From immigrant family to tech CEO, Nina Vaca uses her success to spread global entrepreneurship

September 7, 2017 by Cheryl Hall, The Dallas Morning News

The first time you hear about Nina Vaca, you wonder why you've never heard of her before.

At 46, this married mother of four owns a billion-dollar-plus tech staffing company, competes in triathlons for charity and supports STEM education efforts while uplifting the aspirations of women and minorities.

"I've been blessed many times to be the first, the youngest or the only," says Vaca, founder and CEO of Dallas-based Pinnacle Group and a director of three major public corporations. "I look around the boardroom, and I don't see others who look like me. Changing that is a focal point in my life.

"I call it a three-legged stool: my family first, my business and my community."

Vaca is well-known in some circles - she was pictured on a recent cover of Latino Leaders magazine, featuring the 101 most influential Hispanics in America.

But Nina Vaca is hardly a household name.

That's changing.

In 2014, President Barack Obama appointed Vaca as a presidential ambassador of global entrepreneurship. In this capacity, she has traveled to five continents, representing the White House and the Department of Commerce in an entrepreneurship crusade.

She was recently in Jordan for three jampacked days as the guest of the U.S. Embassy, spreading the gospel to government agencies, women's groups and the next generation of entrepreneurs in the Middle East.

She's living the lofty name of her company that she picked to inspire her in 1996, when she founded Pinnacle on the living room floor of her Dallas apartment with $300 business check and a Dell Computer.

"I started literally making cold calls on corporations and businesses in Dallas, Texas, offering to provide them with IT talent," Vaca recalls. "I had a purpose, a computer and an attitude.

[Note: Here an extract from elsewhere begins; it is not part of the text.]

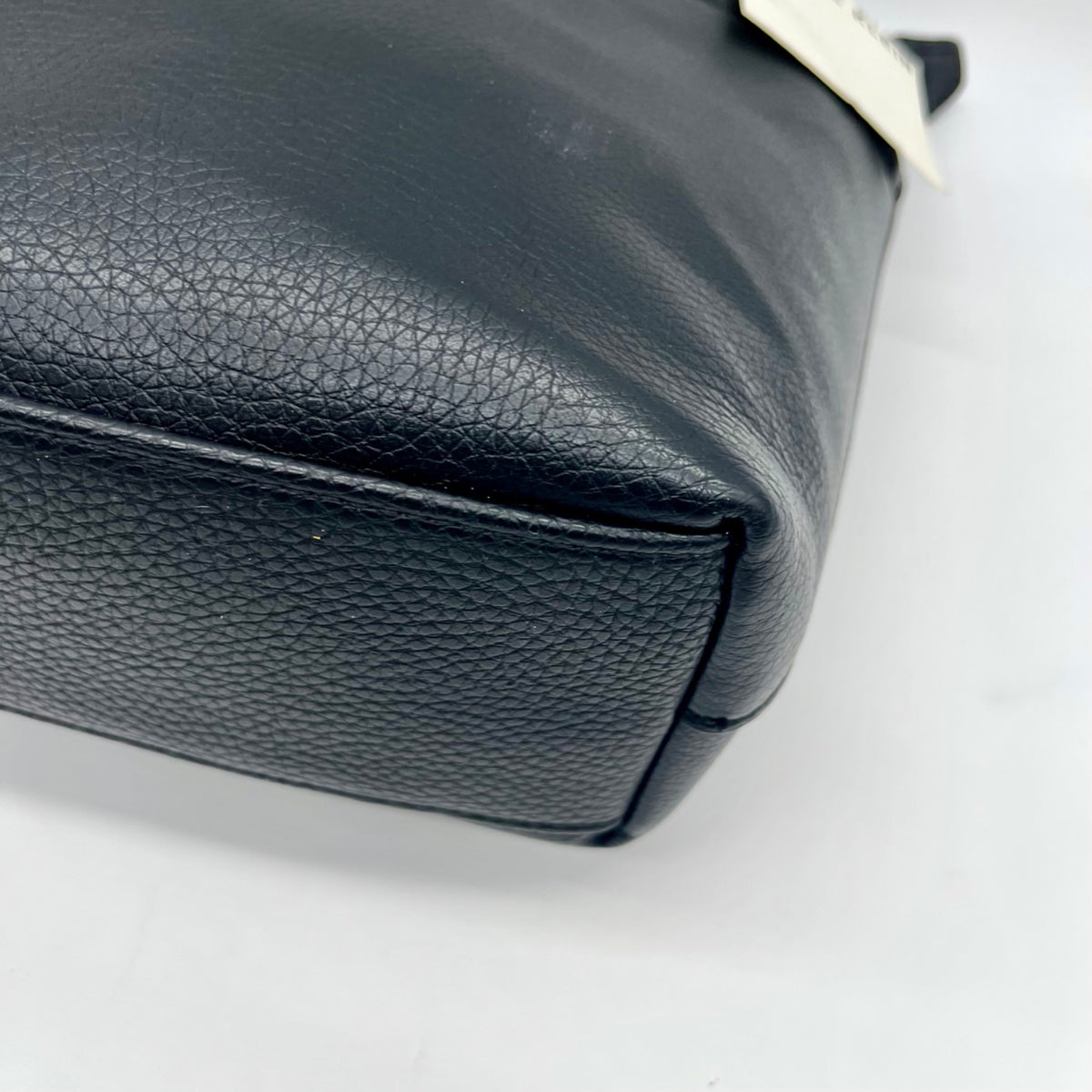 Anne Klein Black Faux Leather Pocket Tote Bag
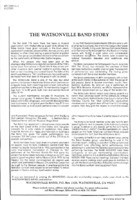 The Watsonville Band Story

I told myself: 'I can do this.'"

And she has.

Since 2012, Pinnacle Group, which offers tech workforce solutions, mostly to large corporations, has more than quadrupled its revenue, blowing past the billion-dollar mark last year.

Pinnacle has topped or placed second on the 50 fastest-growing women-owned/led companies list compiled by the Women Presidents' Organization in conjunction with American Express in each of the last three years

Vaca figures Pinnacle has a shot at No. 1 again because she expects revenue to balloon to $1.6 billion this year.

And that doesn't take into account a megadeal with MetLife that was inked in August. Beginning next year, Pinnacle will manage the insurance icon's spending on technology services.

"It was clear that (Pinnacle) could adapt to any business climate and overcome complex problems," says Michael Schiappa, vice president of global procurement for MetLife.

—-

The lobby and hallways of Pinnacle headquarters on LBJ Freeway are a gallery of recognitions.

"Awards are a symbol of what we've done," Vaca says, passing a plaque proclaiming Pinnacle as AT&T's supplier of the year in 2016. "But they're not a symbol of who we are."

So "who" is Pinnacle?

"We're much like the Southwest Airlines of our industry," she says. "We're nimble, flexible, entrepreneurial and really, really good at what we do. We're turning heads with the caliber of clients we're winning."

So who is Nina Vaca?

Vaca is an immigrant by a twist of fate.

Her parents, Amanda and Alfredo Vaca, emigrated from Quito, Ecuador, to California in the '60s. As the middle of five kids, the other four of whom were born in Los Angeles, Nina should have been born in the U.S.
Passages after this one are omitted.